On 12/06/2014 02:11 AM, Timo Kokkonen wrote:
On 05.12.2014 23:39, Guenter Roeck wrote:
On Fri, Dec 05, 2014 at 10:32:48PM +0200, Timo Kokkonen wrote:
On 05.12.2014 21:02, Guenter Roeck wrote:

Not sure about how to name enable-early-reset. I'd prefer to have something
generic, even if only implemented in a single driver for now, but I don't
really know right now what that might/should look like. Maybe just
"enable-early" to indicate that the watchdog should be enabled during init ?

Do we need the enable-early or such property at all? Just leave
early-timeout-sec to zero and then let it behave just like
enable-early would do?


Problem is that the possible conditions are all over the place
for "early" watchdog handling.

- Disable watchdog
- Enable watchdog (or keep it enabled), and keep it alive
   until user space kicks in (ie possibly forever)
- Enable watchdog or keep it enabled, and keep it alive
   for a specified period of time.
- Keep watchdog enabled if it is already enabled, otherwise
   keep it disabled.

There are probably more conditions which I don't recall right now.
Which of those conditions would you address with "early-timeout = <0>;" ?
"enable watchdog early and keep it alive until user space kicks in",
or "keep watchdog enabled if already running, and set specified early
timeout" ? One could argue either way which one of the two meanings
it should be.

Okay, let me elaborate my point of view a bit.

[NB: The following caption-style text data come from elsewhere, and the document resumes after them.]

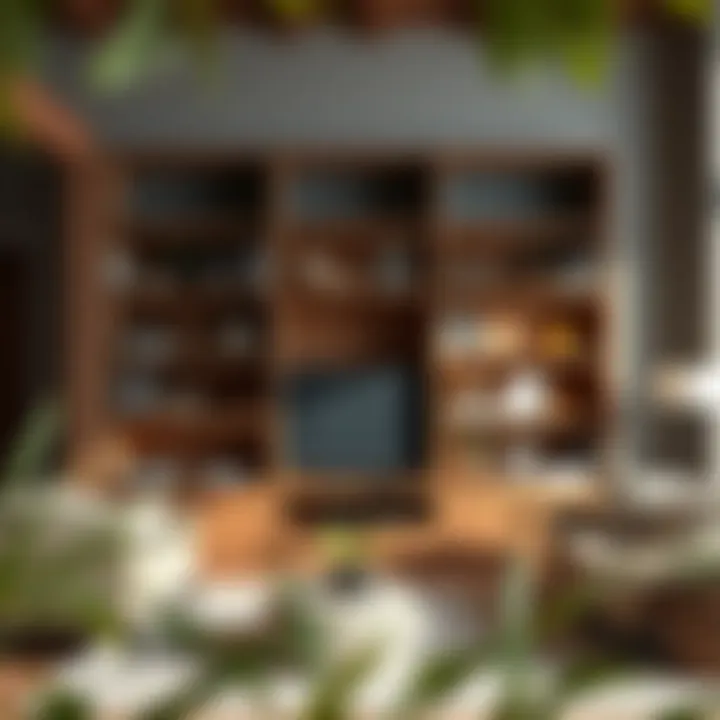 Sustainable Wood Bookcase Design Large horizontal bookcase made of reclaimed wood, emphasizing sustainability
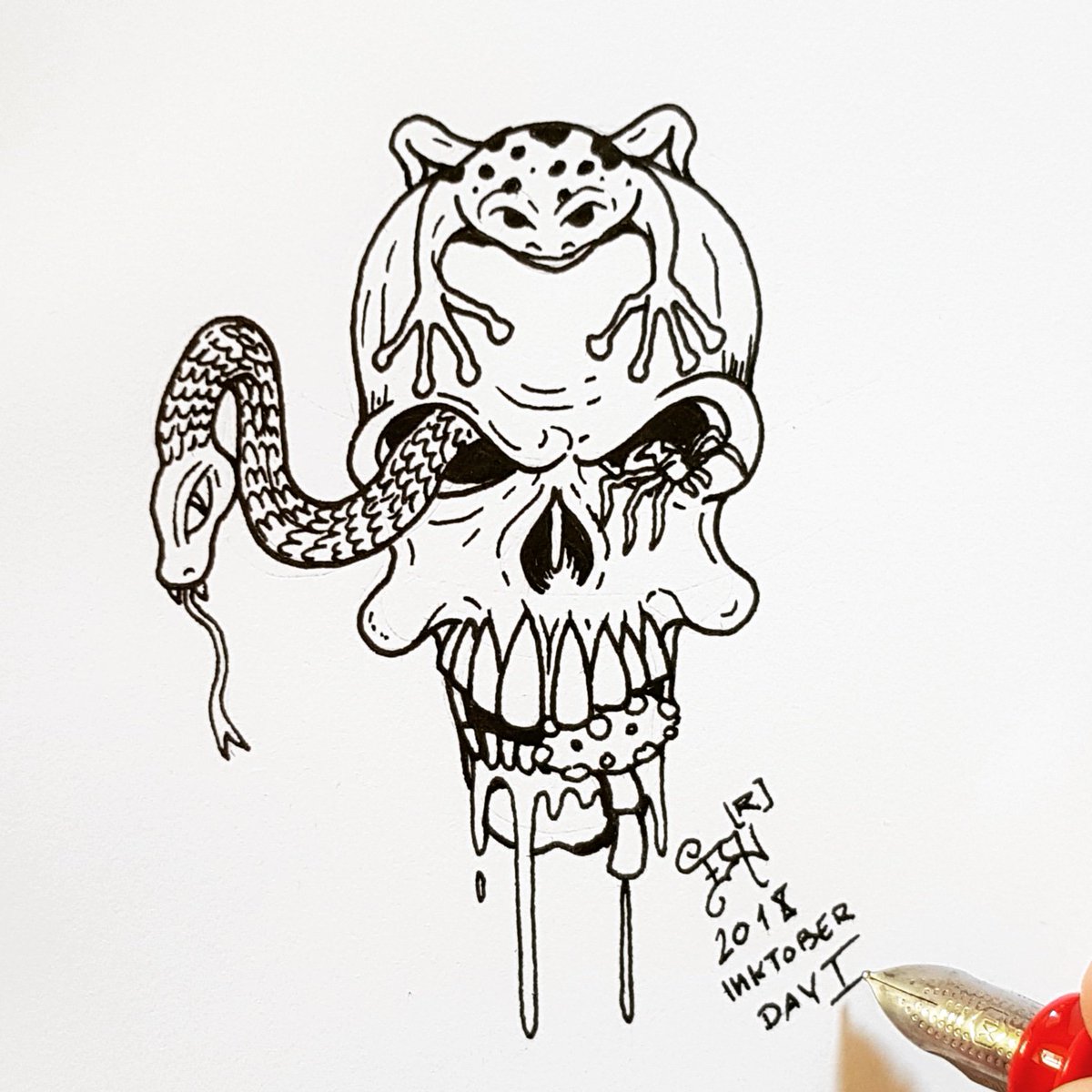 nikolas83gianni's tweet photo. #art #artist #ilustrator #designer #nikolass #nikolass83 #nikolass83gianni #inktober #inktober2018 #inktober2018day1 #inktober2018day1poisonous #ink #blackinkart #blackink #deviantart #penup #rotringcore #poisonous #skull #frog #spider #snake #mushroom #samsungnote8photography https://t.co/YOz5jFE1Lx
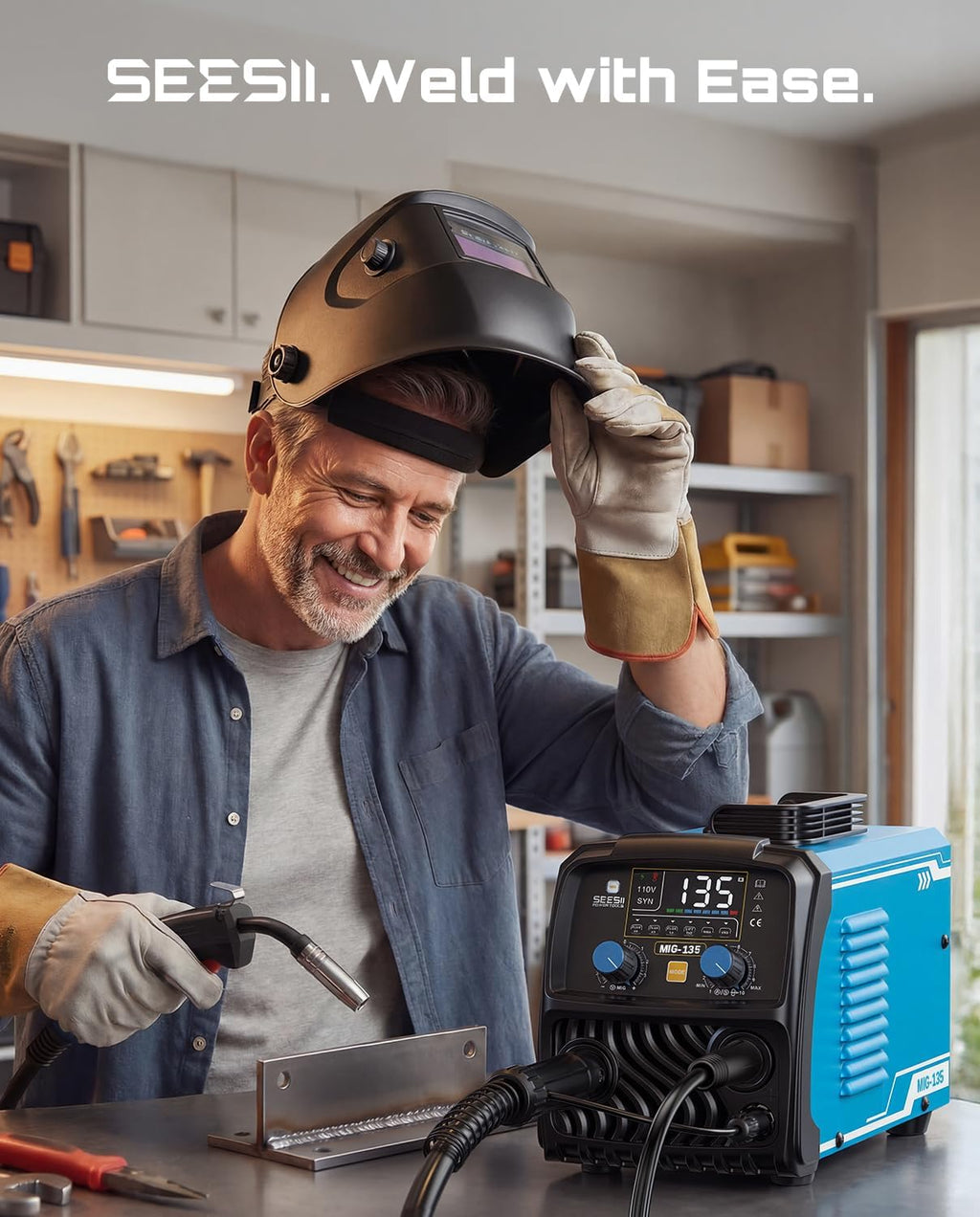 SEESII 135A MIG Welder 110V - 3-in-1 Gasless Flux Core/Lift TIG/Stick Welding Machine, 7.7lbs Portable IGBT Inverter, Large Digital Display Multi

The use case we are concerned about is that we have a device that we rather not 
let freeze up at any point. This is what we use the watchdog for. The only 
missing corner case right now is the point where kernel driver initializes the 
watchdog hardware and pings it on behalf of user space until a watchdog daemon 
opens it and starts kicking. This is kind of bad as kernel might lock up or 
user space might crash before we get to the point where the daemon starts 
taking care of petting the watchdog. So this is what we are trying to fix.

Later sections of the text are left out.